Data engineering project with web scraping and API calls using MySQL, Pandas, and Google Cloud.
Gans is a fictional company providing electric scooters for rent. To distribute their scooters for customers efficiently, they need data about the cities of operation, such as population, weather forecast and flight arrival times from nearby airports.
The goal of this project is to establish a data engineering pipeline in the cloud (Google Cloud Platform). Information is collected using web scraping and API calls and continuously updated via cloud scheduling. A set of tables in a relational cloud SQL instance serve the data to be always accessible and up-to-date data.
To accomplish these tasks, I have compiled the following resources for this project.
-
A Python package for implementing the pipeline in this repository
-
A technical documentation describing the Python package and its setup locally and in the cloud
-
An article on about establishing a Data Engineering project on the Google Cloud Platform
-
Setup local MySQL database
Tools: MySQL Workbench, Python, SQLAlchemy, mysql-connector-python -
Collect static data of cities and airports using web scraping
Tools: Python, Pandas, BeautifulSoup -
Collect dynamic data of weather and flights using web API calls
Tools: Python, Pandas, Requests -
Implement a pipeline locally
Tools: Python, functions-framework -
Deploy the pipeline on Google Cloud Platform
Tools (Google Cloud Services): Cloud Functions, SQL, Cloud scheduler, Secret Manager -
Document the findings by writing an article
Tools: Medium.com -
Write a technical documentation of the implementation
Tools: MkDocs
- MySQL Workbench
- Pandas
- BeautifulSoup
- Requests
- RapidAPI
- Google Cloud Services
- MkDocs
- GitHub Pages
- Medium.com
Running the Python pipeline the first time fully creates the following SQL schema automatically.

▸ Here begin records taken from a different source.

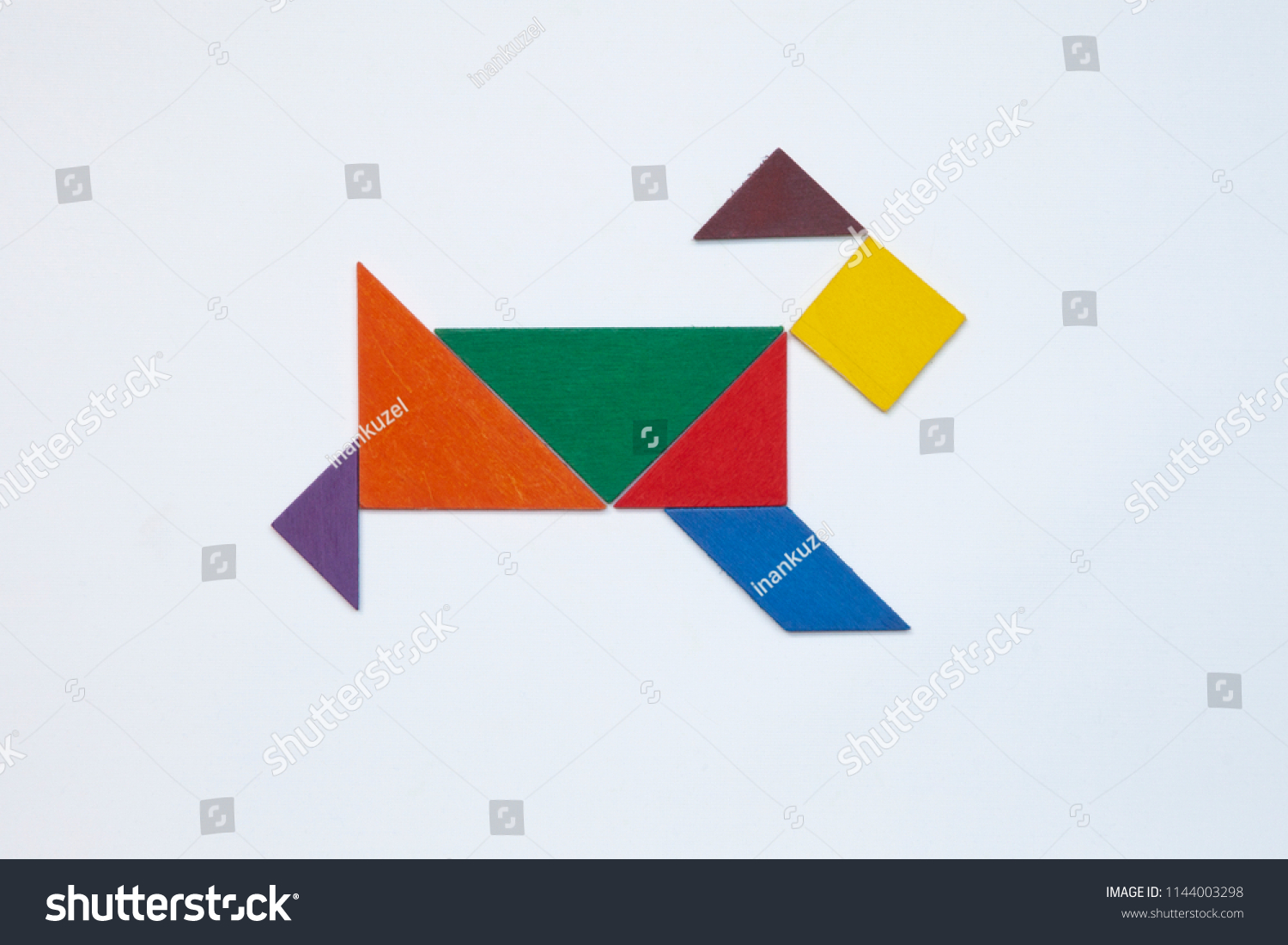 Tangram. Traditional Chinese dissection puzzle, seven tiling pieces - geometric shapes: triangles, square (rhombus), parallelogram. #1144003298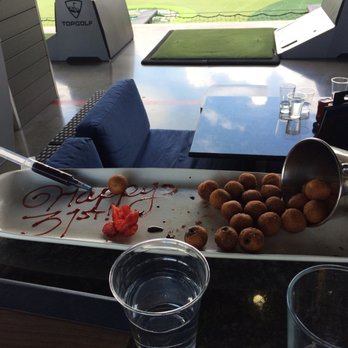 Topgolf - The most delicious little donuts with filling you inject on your own (the sauce comes in fake needles). Yes they are half eaten. - New American Near Me - Naperville, Illinois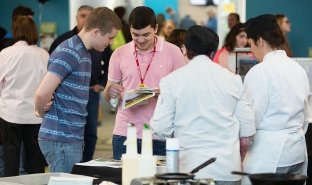 Prospective students visit an Open House event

├── pipeline <- Source code of the Python package
│ │
│ ├── database.py <- Database class as user interface for all operations
│ │
│ ├── create_database.sql <- SQL script for creating the database structure
│ │
│ ├── cities.py <- Internal functions for collecting static data using web scraping
│ ├── airports.py
│ │
│ ├── weather.py <- Internal functions for collecting dynamic data using APIs
│ └── flights.py
│
├── docs <- MkDocs documentation of the Python package 'pipeline'
│
├── requirements.txt <- Dependencies for reproducing the pipeline environment
│
├── example.env <- Environment variables for sensitive data
│
└── main.py <- Google Cloud Functions script